[Records to use]

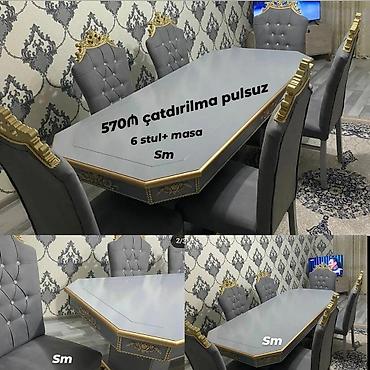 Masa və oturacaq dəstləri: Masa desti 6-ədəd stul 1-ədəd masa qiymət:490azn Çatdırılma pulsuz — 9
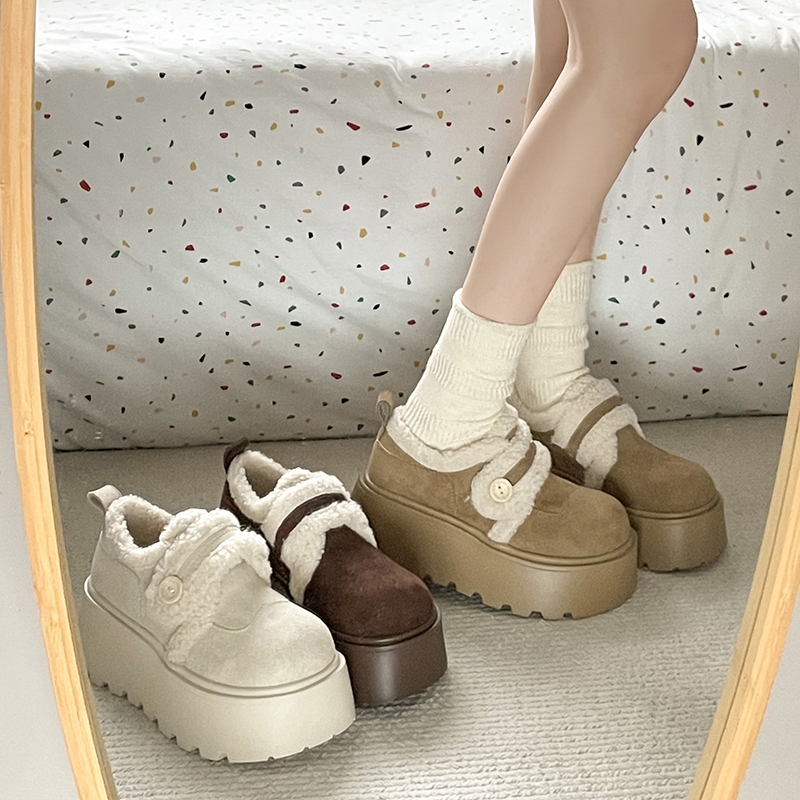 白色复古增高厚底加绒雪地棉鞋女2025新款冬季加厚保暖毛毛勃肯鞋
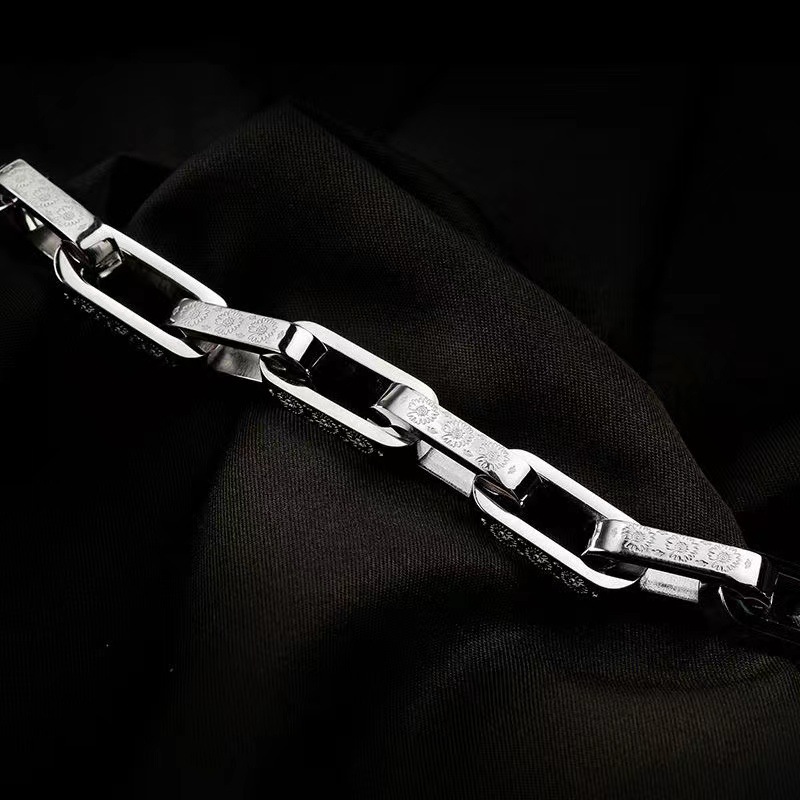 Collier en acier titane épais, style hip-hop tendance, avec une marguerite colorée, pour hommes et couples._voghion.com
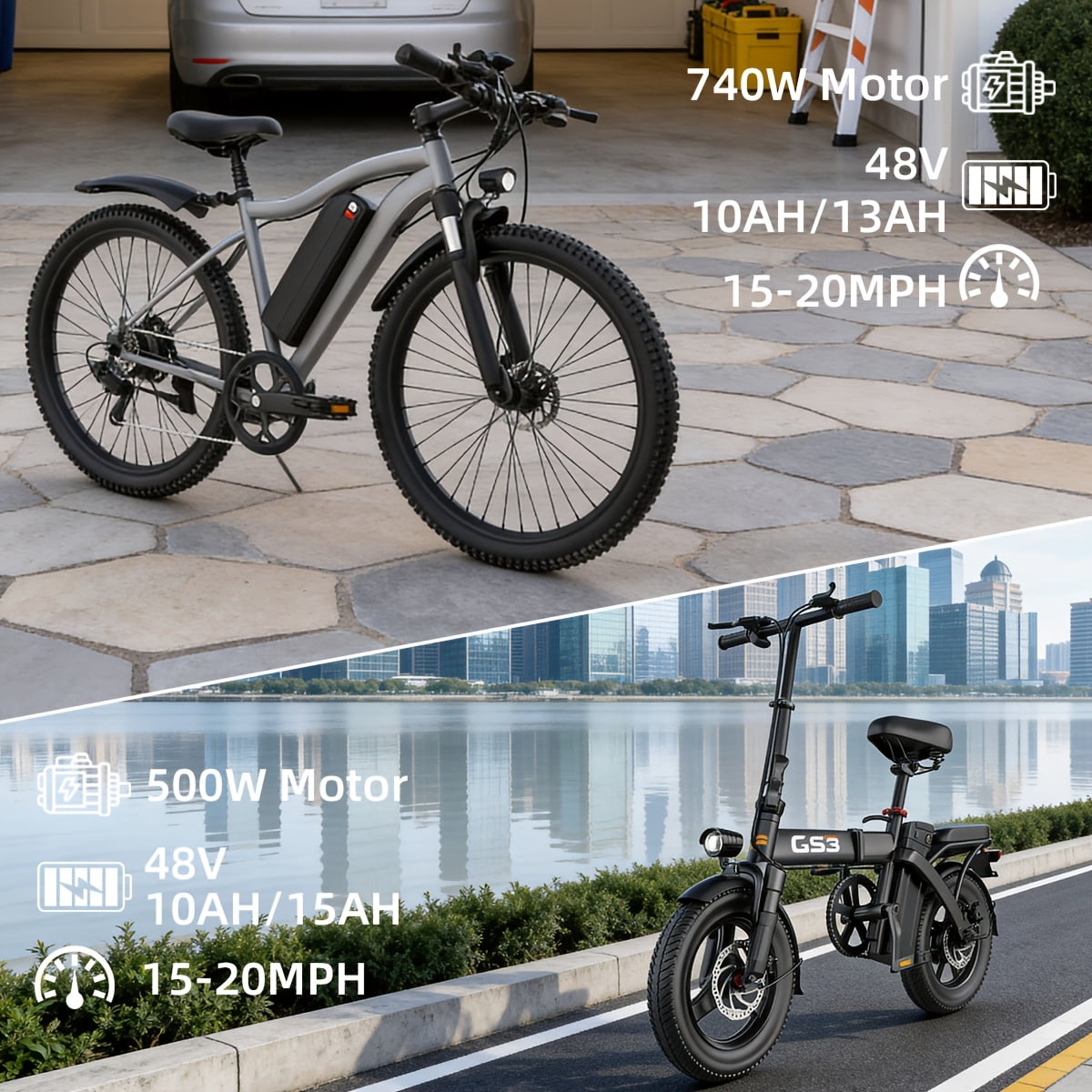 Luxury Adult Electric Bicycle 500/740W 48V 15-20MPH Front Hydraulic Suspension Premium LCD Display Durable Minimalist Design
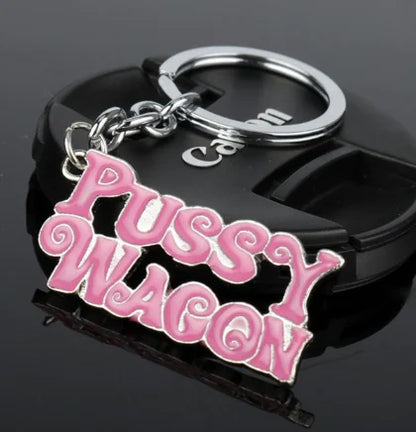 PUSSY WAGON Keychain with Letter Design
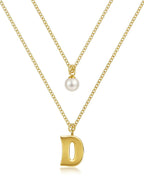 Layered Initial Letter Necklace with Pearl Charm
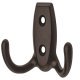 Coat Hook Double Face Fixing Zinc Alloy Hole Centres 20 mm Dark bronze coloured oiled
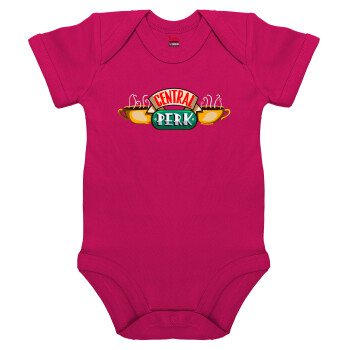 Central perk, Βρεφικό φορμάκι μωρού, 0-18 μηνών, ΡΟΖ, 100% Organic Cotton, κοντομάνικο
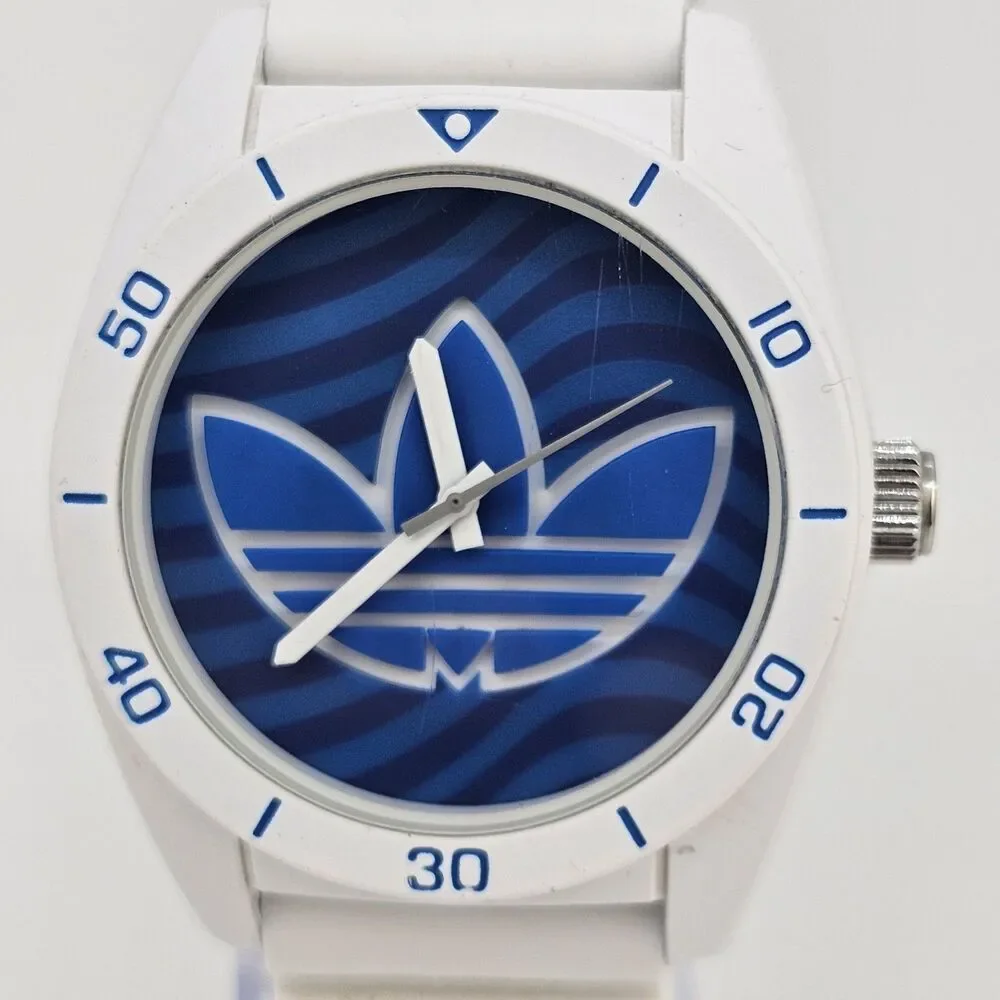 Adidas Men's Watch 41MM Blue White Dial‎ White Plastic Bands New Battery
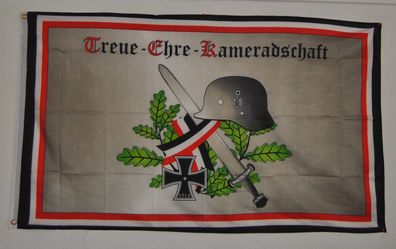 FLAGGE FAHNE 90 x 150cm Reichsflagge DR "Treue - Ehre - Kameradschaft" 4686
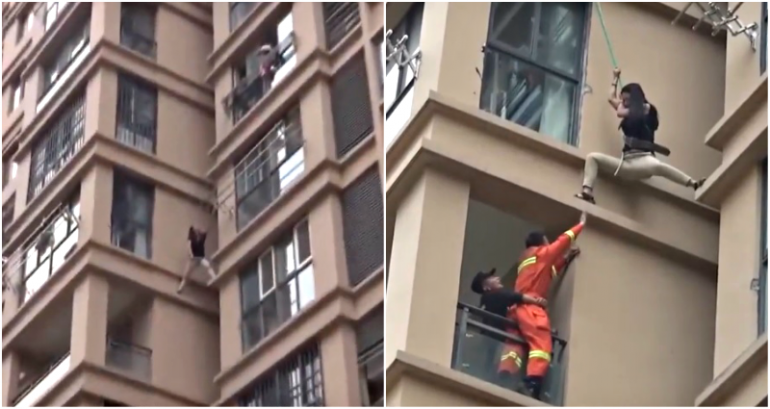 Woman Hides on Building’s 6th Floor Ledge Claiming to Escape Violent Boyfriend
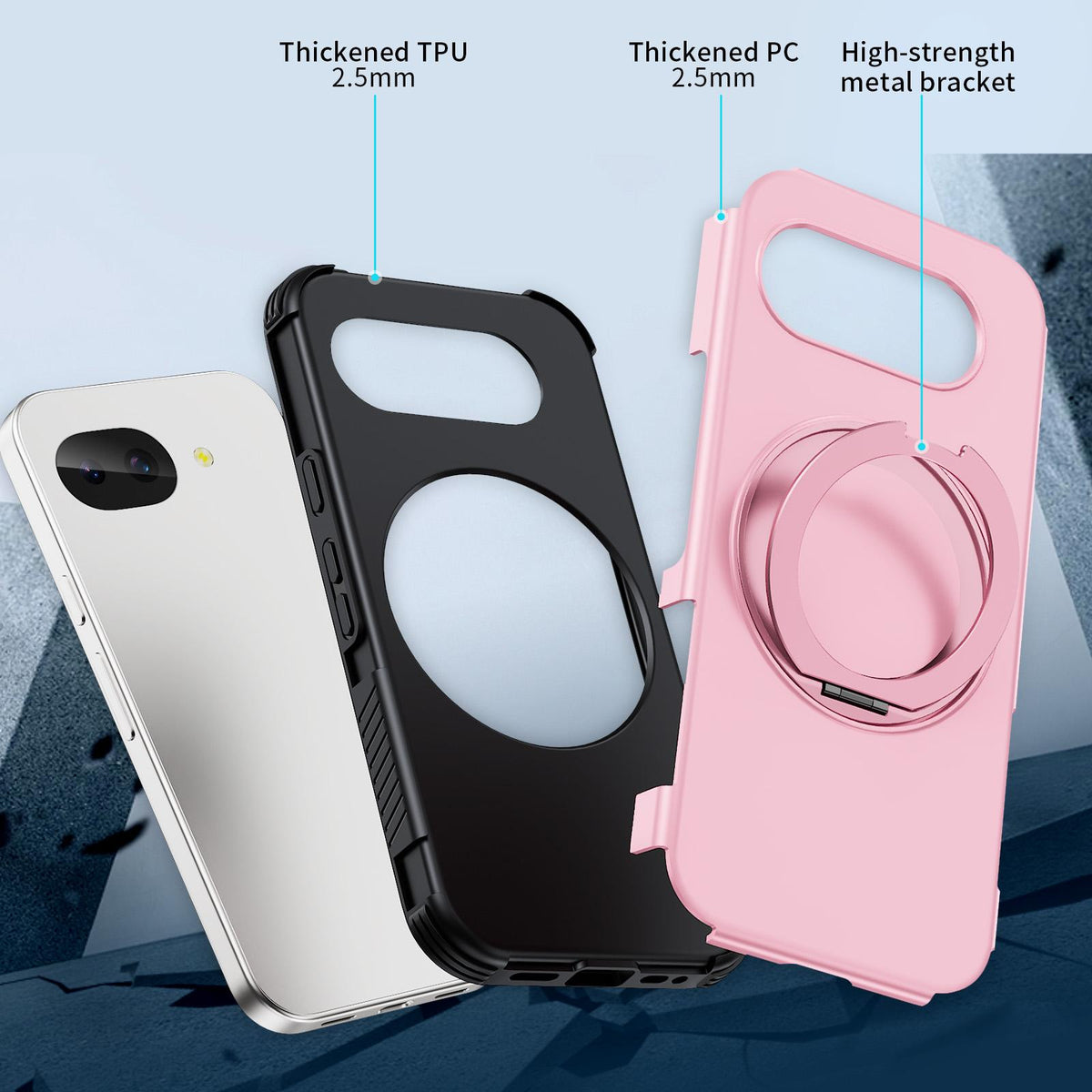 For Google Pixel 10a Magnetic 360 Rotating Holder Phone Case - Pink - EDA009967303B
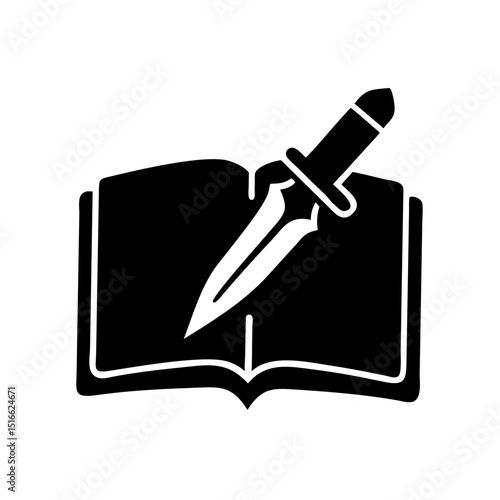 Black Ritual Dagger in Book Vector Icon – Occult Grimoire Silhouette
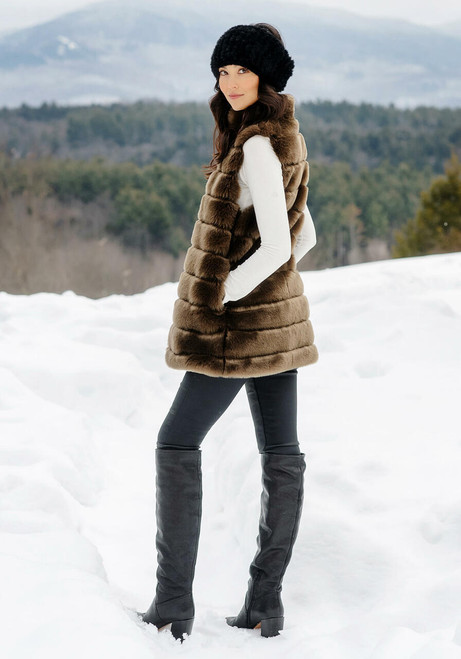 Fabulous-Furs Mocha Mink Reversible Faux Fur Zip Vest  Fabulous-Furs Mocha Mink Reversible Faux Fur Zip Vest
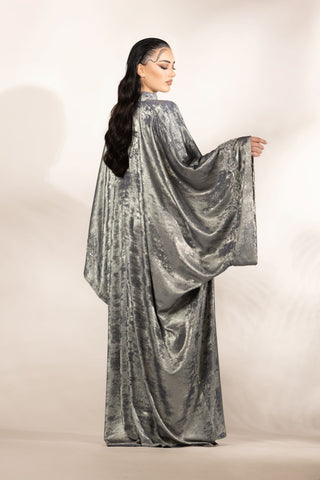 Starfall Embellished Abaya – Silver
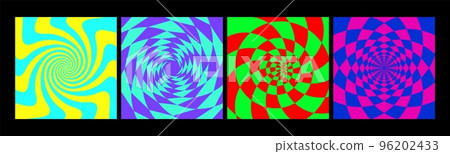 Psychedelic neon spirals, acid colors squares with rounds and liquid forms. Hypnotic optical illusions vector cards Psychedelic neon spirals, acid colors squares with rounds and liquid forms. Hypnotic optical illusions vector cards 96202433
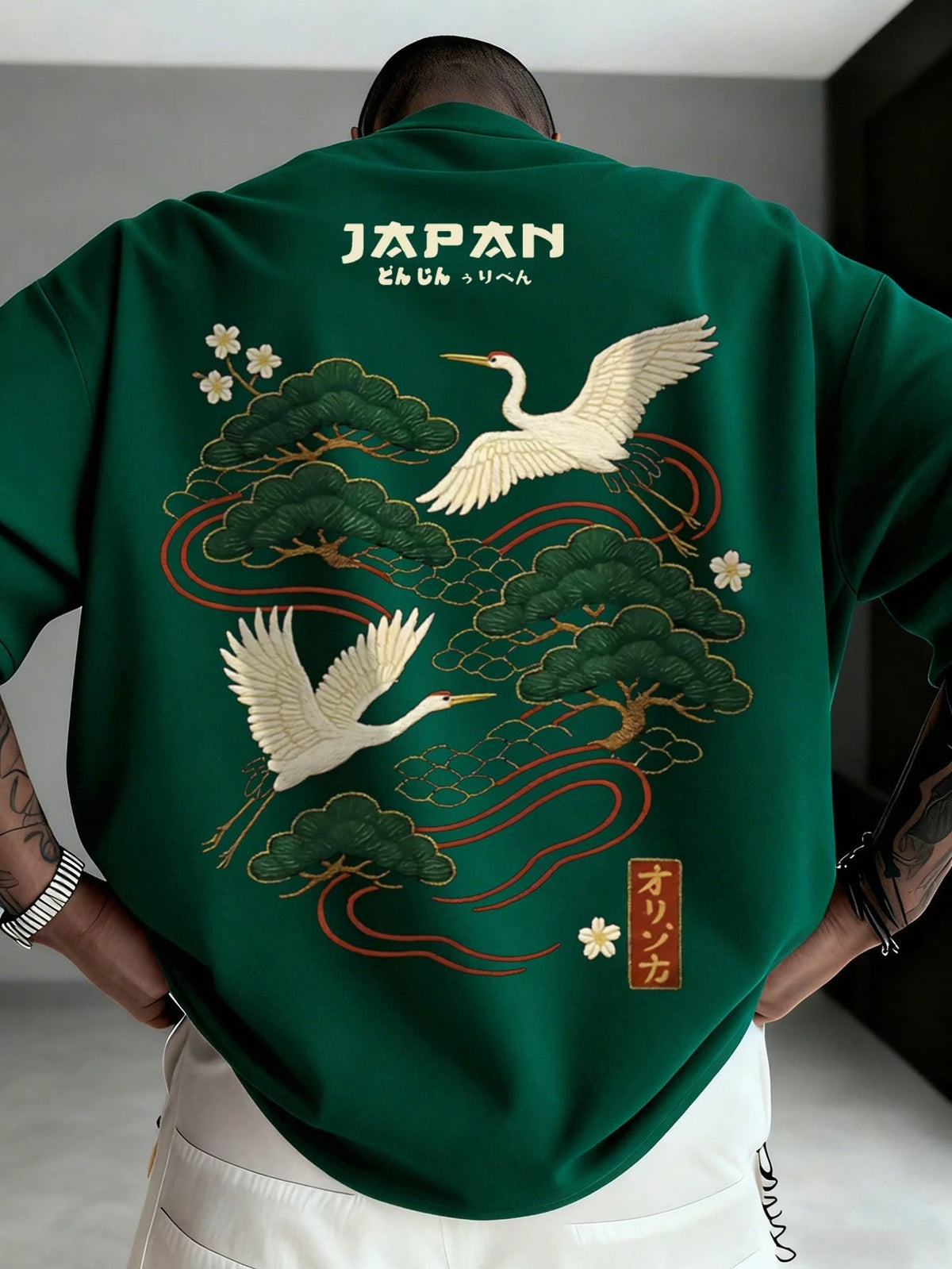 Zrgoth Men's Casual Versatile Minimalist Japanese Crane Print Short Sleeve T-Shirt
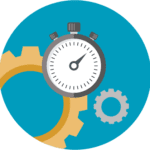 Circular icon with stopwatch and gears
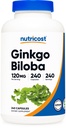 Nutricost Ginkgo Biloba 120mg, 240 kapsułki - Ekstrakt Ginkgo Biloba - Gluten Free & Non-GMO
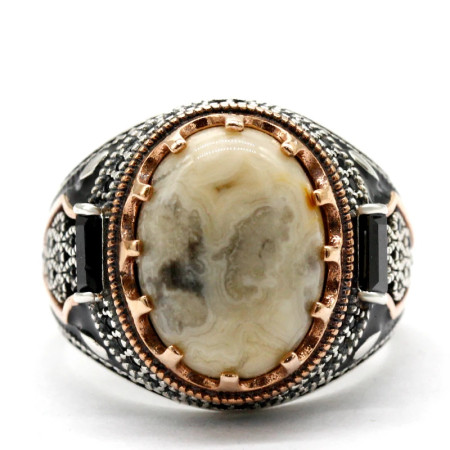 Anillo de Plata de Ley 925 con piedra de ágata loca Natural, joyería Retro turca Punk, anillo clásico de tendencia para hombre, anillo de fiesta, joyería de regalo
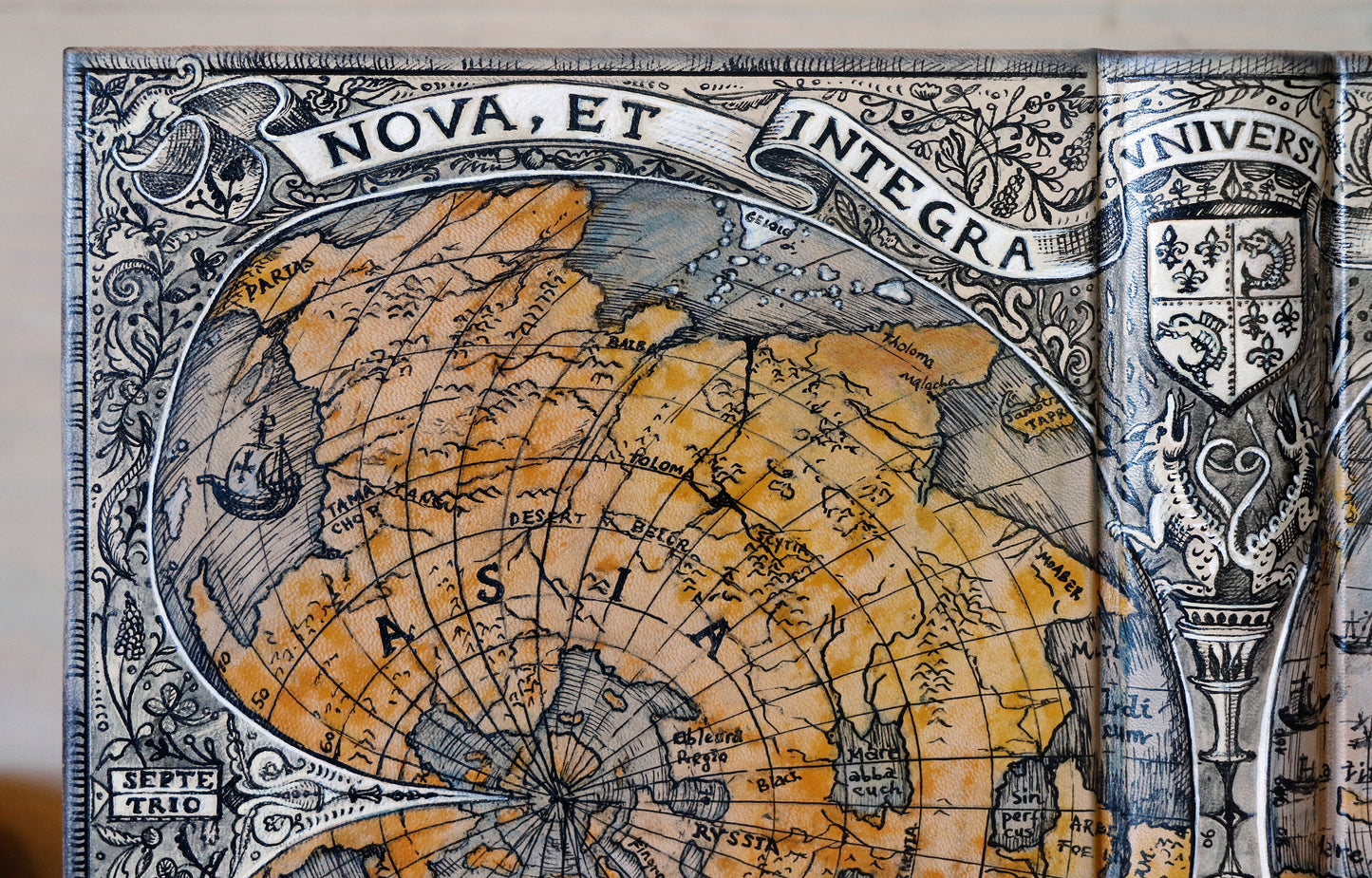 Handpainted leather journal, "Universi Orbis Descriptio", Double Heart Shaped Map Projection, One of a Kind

[/Records to use]

### Exercise directions
The data must be repeated exactly. Any pictures in it are to be left out.

### Response area
 Masa və oturacaq dəstləri: Masa desti 6-ədəd stul 1-ədəd masa qiymət:490azn Çatdırılma pulsuz — 9
 白色复古增高厚底加绒雪地棉鞋女2025新款冬季加厚保暖毛毛勃肯鞋
 Collier en acier titane épais, style hip-hop tendance, avec une marguerite colorée, pour hommes et couples._voghion.com
 Luxury Adult Electric Bicycle 500/740W 48V 15-20MPH Front Hydraulic Suspension Premium LCD Display Durable Minimalist Design
 PUSSY WAGON Keychain with Letter Design
 Layered Initial Letter Necklace with Pearl Charm
 Coat Hook Double Face Fixing Zinc Alloy Hole Centres 20 mm Dark bronze coloured oiled
 Central perk, Βρεφικό φορμάκι μωρού, 0-18 μηνών, ΡΟΖ, 100% Organic Cotton, κοντομάνικο
 Adidas Men's Watch 41MM Blue White Dial‎ White Plastic Bands New Battery
 FLAGGE FAHNE 90 x 150cm Reichsflagge DR "Treue - Ehre - Kameradschaft" 4686
 Woman Hides on Building’s 6th Floor Ledge Claiming to Escape Violent Boyfriend
 For Google Pixel 10a Magnetic 360 Rotating Holder Phone Case - Pink - EDA009967303B
 Black Ritual Dagger in Book Vector Icon – Occult Grimoire Silhouette
 Fabulous-Furs Mocha Mink Reversible Faux Fur Zip Vest  Fabulous-Furs Mocha Mink Reversible Faux Fur Zip Vest
 Starfall Embellished Abaya – Silver
 Psychedelic neon spirals, acid colors squares with rounds and liquid forms. Hypnotic optical illusions vector cards Psychedelic neon spirals, acid colors squares with rounds and liquid forms. Hypnotic optical illusions vector cards 96202433
 Zrgoth Men's Casual Versatile Minimalist Japanese Crane Print Short Sleeve T-Shirt
 Circular icon with stopwatch and gears
 Nutricost Ginkgo Biloba 120mg, 240 kapsułki - Ekstrakt Ginkgo Biloba - Gluten Free & Non-GMO
 Anillo de Plata de Ley 925 con piedra de ágata loca Natural, joyería Retro turca Punk, anillo clásico de tendencia para hombre, anillo de fiesta, joyería de regalo
 Handpainted leather journal, "Universi Orbis Descriptio", Double Heart Shaped Map Projection, One of a Kind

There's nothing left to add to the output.